Arue-Mahina : la question de la limite territoriale déjà évoquée et réglée en 1959
Alors que dernièrement le maire de Mahina menaçait d’engager une procédure administrative pour « récupérer » une partie de son territoire municipal sur les terres d’Arue, le fond 48W du service des archives de Polynésie française nous rappelle que ce problème avait déjà fait l’objet de toute l’attention de l’administration coloniale en 1959.

La question avait d’ailleurs été tranchée : une pierre "Raimanu", située au col du Tahara’a, marque cette limite, historiquement.
Mais cette frontière avait été déplacée en 1926 puis figée lors des relevés cadastraux de 1927 à l’initiative du patron d’un débit de boissons, pour les besoins de son commerce, et à la barbe de l’administration coloniale.

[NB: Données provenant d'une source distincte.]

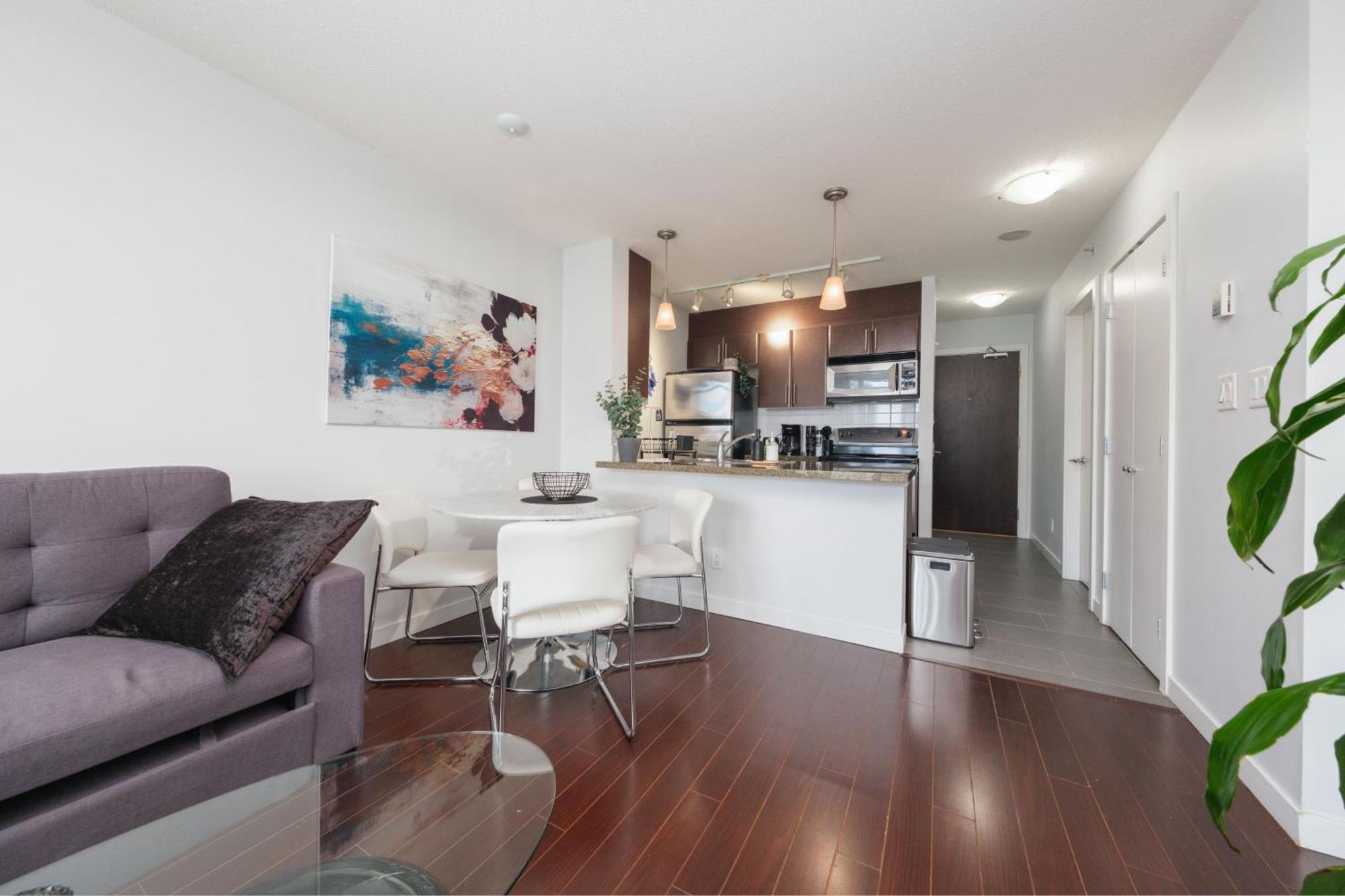 Central 1-Bedroom Apartment With Pool, Jacuzzi & Sauna バンクーバー エクステリア 写真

"J’ai l’honneur de vous faire connaître que les opérations cadastrales exécutées en 1926 ont tenu compte, pour la séparation des districts d’Arue et de Mahina, de la nouvelle et fantaisiste limite établie par le sieur Souiry, pour les besoins de sa cause, alors que la terre Tipapa appartenant à M. Jay (col du Taharaa, ndlr) est comprise dans les titres de propriété dépendant du registre des terres d’Arue et datant de 1852", précisait le Chef du service de l’Enregistrement, des Douanes et du Cadastre dans un courrier daté le 14 avril 1959 au Chef de la circonscription administrative des Iles du Vent. Et le fonctionnaire recommandait, visionnaire, "en vue d’éviter à l’avenir des difficultés de tous ordres et particulièrement des contestations (…) de préciser par arrêté les limites définitives de ces deux districts », ajoutant que pour sa part « la modification sur les documents cadastraux ne présente aucune difficulté et sera effectuée d’office."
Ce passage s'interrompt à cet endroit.